The Aletai iron meteorite, Xinjiang, China

- one of the largest meteorites known

Aletai A and B [419 kb]

Aletai A reverse [518 kb] Aletai A detail [264 kb]

Figs. 1-3: Top: slices Aletai A (left: 70x43x2 mm, 47.7 g) and Aletai B (right: 52x33x2 mm, 31.4 g). Lower left: reverse side of Aletai A. Lower right: detail, Aletai A. As befits an iron meteorite, the most abundant mineral is a form of native iron, the Ni-bearing kamacite. The larger slice displays spectacular Widmanstatten patterns on differing scales, in the sawn, polished and acid-etched faces. The patches of tawny, less-reflective material are the common meteoritic iron sulphide, troilite (FeS). The lower right margin of the main troilite mass is silvery, and appears to be a hard, shiny metallic mineral, probably the Ni-Fe phosphide, schreibersite. Sample provenance: Blaine Reed.


"Rock of the Month # 284, posted for February 2025" ---

Introduction: Big Iron(s)

The Aletai (Xinjiang, Armanty) IIIE-anomalous iron meteorite from northwest China is one of the largest known. Other giant irons (total known masses on the order of 30-100 tonnes) include Campo del Cielo, Hoba, Canyon Diablo, Cape York and Gibeon. There are quite a few irons in the range of circa 10-30 tonnes but only the handful which are larger, and none so far confirmed to be 100-tonnes-plus. This is presumably due to the fact that dense, iron-dominant meteoroids above a certain size will traverse the Earth's atmosphere, scarcely braking on descent. Thus they hit the surface near a cosmic velocity of 14-74 km/second, and are vapourized on impact. They may leave a substantial crater, as an indirect calling card, but not a fragment of their original form may remain. Perhaps just a forensic trace, like a bloodstain, in the form of rock and soil enriched in a certain suite of metals, such as nickel and the platinum group of elements, including iridium. Smaller but substantial irons, maybe in the 1-10 tonne range, may form a smaller crater (metres to 1 km wide) with abundant fragments (Morasko, Henbury, Whitecourt). A remarkable number of circa 1-tonne (plus, plus) irons have been found in so-called "iron alley" along the western regions of Mexico and the U.S.A.: Bacubirito, Canyon Diablo, Willamette and others (as noted in the entertaining if at times provocative survey of Lemaire, 1980).

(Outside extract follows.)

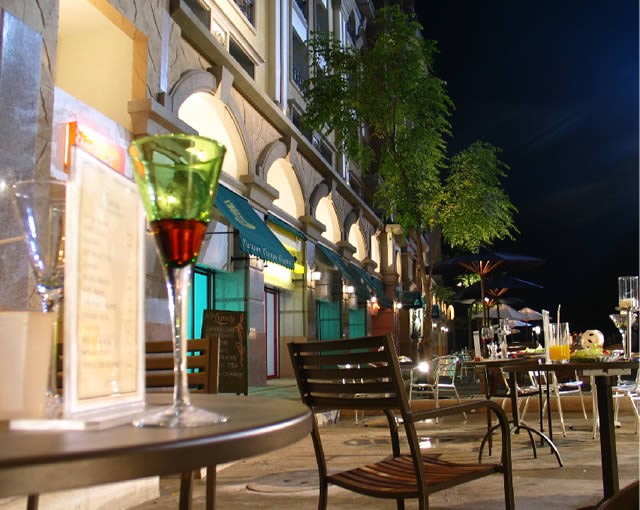 รูปภาพ ฌ็องเซลิเซ่ ติวานนท์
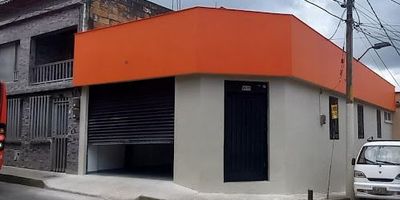 Local Comercial en venta en la Av. 30 De Agosto de Pereira, Cuenta con un área de 100m2, 1 subdivisión interna, 1 baño, Cocineta, Punto de Gas, Tipo Uso de Piso Medio Personas y Almacenamiento ligero. Ideal para inversión ya que se encuentra rentado.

The 28 T main mass ("Armanty" for many years) of Aletai is the third largest known individual meteoritic mass in the world, after Hoba (60 T) and Cape York's Ahnighito mass (31 T). Don't confuse this reference to individual chunks of metal with the TKW (total known mass) which may consist of tens to thousands of discrete fragments (some irons fragment into "shrapnel" and are widely dispersed, e.g., Sikhote-Alin, Gebel Kamil).

Aletai B [444 kb] Aletai B reverse [548 kb] Aletai B detail [269 kb]

Figs. 4-6: More illustrations of slice Aletai B, showing the two prepared faces and (right) detail. Again we see the Widmanstatten pattern and the abundant, irregular masses of troilite, and also some inclusions of a black, moderately shiny mineral, suspected of being the Fe-Cr spinel (oxide), chromite. It is possible that silicate minerals are also present, if unconfirmed.


Meteorites in China

As would be expected, China has its share of meteorites. It is after all one of the oldest civilizations, with long records, and also China, however defined in its long history, is one of the world's largest countries. The Chinese meteorite trove has been documented (e.g., Bian, 1981). Chen and Wang (1994) provided an update: the earliest Chinese meteorite on record is Xiaxian of Shanxi province, which dates from 2,133 B.C. By 1911 there were 365 Chinese meteorite falls listed in the literature, but "unfortunately, few of these meteorites are preserved in collections", marking no doubt the turbulence of episodes of Chinese history from Antiquity to the mid-20th century.

Nantan (Nandan, Dongning, a 9.5-tonne IIICD) is the 2nd-largest iron known in China. Aletai (otherwise known as Xinjiang or Armanty, and other names) includes the first piece to be identified, the main mass "Armanty" from Xinjiang, which most likely was known before its official recognition in 1898.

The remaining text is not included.